The brothers spent time together upstate, working on the story. Marder began identifying with the detachment that the main character experiences. “For a long while in the film, Riz’s character is completely separate from the hearing and deaf world. This always struck me as the highest form of alienation,” he says. 

The film also explores themes of disability and acceptance, which Marder, who grew up with a learning disability, has thought much about. “It’s taken me years to realize that I am not somehow unworthy. Still, the anger and abandonment that still lives in me from feeling less than for so long was a great source of inspiration with which to communicate through Ruben. It was a truly cathartic experience,” he says. 

Working with his brother, despite their nine-year age gap, brought them even closer together. “Creatively, we have always been huge believers in each others work, so the collaboration on Sound of Metal was quite natural,” he says. Marder views his brother as the screenwriter of the family but they helped each other with different aspects of the story. “I love living into the poetry of scenes and dialogue,” he says. “Darius is such a pure storyteller and he was always quick to tell me if I was being too artsy and vague, and I was quick to tell him if he was being too easy and obvious.”

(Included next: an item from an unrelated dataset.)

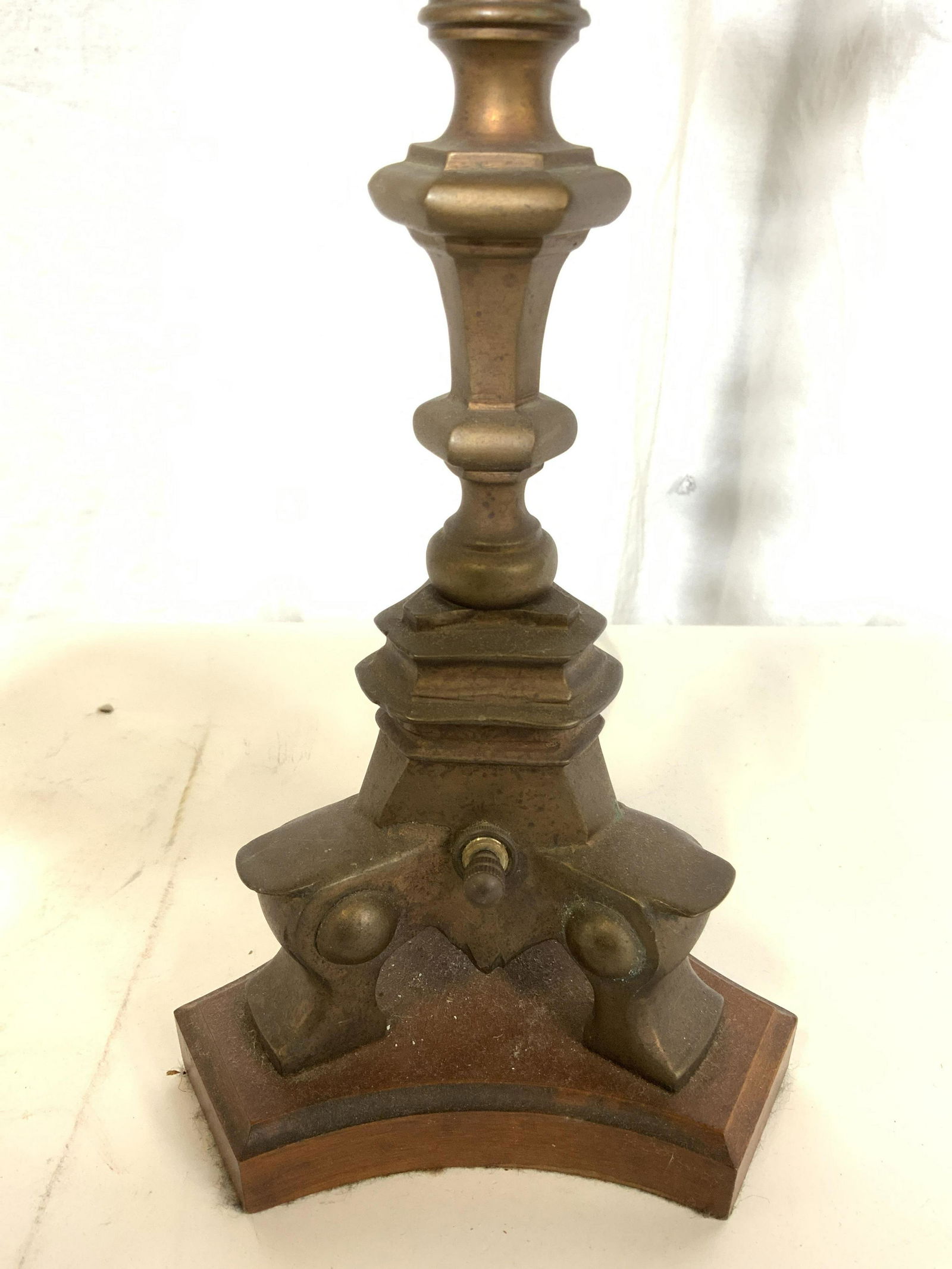 Vintage Brass Table Lamp W Toleware Shade: Lamp is vintage possibly antique. Piece is brass with carved wooden base. Lamp has twist switch. Top of piece has 2 bulb sockets. Shade is tole with black and gold tones. Lamp, vintage lamp, brass lam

SOUND OF METAL Courtesy of Amazon Studios

When it came to the score, Marder wrote with the intention of keeping the sound design of the film—itself an important character—top of mind. At first, he brought pre-composed pieces and sounds to the film but once he saw the footage, realized he needed to start over. “The sound design and quiet is so essential to the telling of Ruben’s intimate journey so it felt essential to score to the film’s sound design and not over or around it,” he says. “The music is low and vibrational and mostly devoid of high frequencies so to represent Ruben’s deaf ‘point of hearing,’—as Darius calls it.” 

Marder needed the score to be happy to not be “heard” in a traditional sense but rather felt. “In the beginning of the film, score is meant to live inside Ruben’s anxious body and mind. Later, once Ruben begins to spiritually settle into the deaf community, the music moves outside the body, blending with the wind and rustling leaves in the trees.” It’s an affecting element of the film, as Ruben wrestles with giving way to what is unfolding in his life. 

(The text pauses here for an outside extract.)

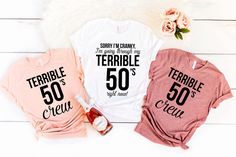 three t - shirts that say terrible 50 and terrible 50 are on top of each other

Marder also wrote the track “Green,” which plays over the end credits and lingers long after the screen goes black. He started working on it when Sound of Metal was first being conceived, but only finished the the lyrics during the last week of the film’s final sound mix. “I have always started my songs from a place of improvisation,” he says. “I then take the worthy bits and try to craft them into a more complete vision. Perhaps because there is this subconscious element to my songwriting, I often find that I don’t know what the songs are truly about until years later.” 

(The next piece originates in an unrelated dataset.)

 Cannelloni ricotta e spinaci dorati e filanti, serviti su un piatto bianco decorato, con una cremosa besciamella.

As was the case with “Green,” where Marder felt intimidated by the challenge of making a credit song. “Breaking the silence at that sacred moment required a sparse arrangement and sonically, each instrument and effect was considered to fit into the language of Ruben’s sound journey,” he says. The cochlear implant that the character has can be heard in an effect on the vocal, while the piano is tuned down and stripped of high frequencies so as to tie us back to Ruben’s deaf perspective. As the song closes out, we can hear sounds of rain and children laughing from Ruben’s time spent in the deaf community. 

“The final words are: Gone into the rain today, Gone, To safety. Safety, felt from within, is all I ever wanted for Ruben at the end of his long journey,” says Marder.  It’s a poignant moment in the film that brings with it the relief of surrender. 

“Green” has finally been released as a single, to fans delight, and Marder, buoyed by the response to the song and the film, says he’s planning to get back into the studio soon to work on new songs: “They are of a similar lyrical nature and atmosphere as ‘Green’ and I’m so excited to share them with the world.”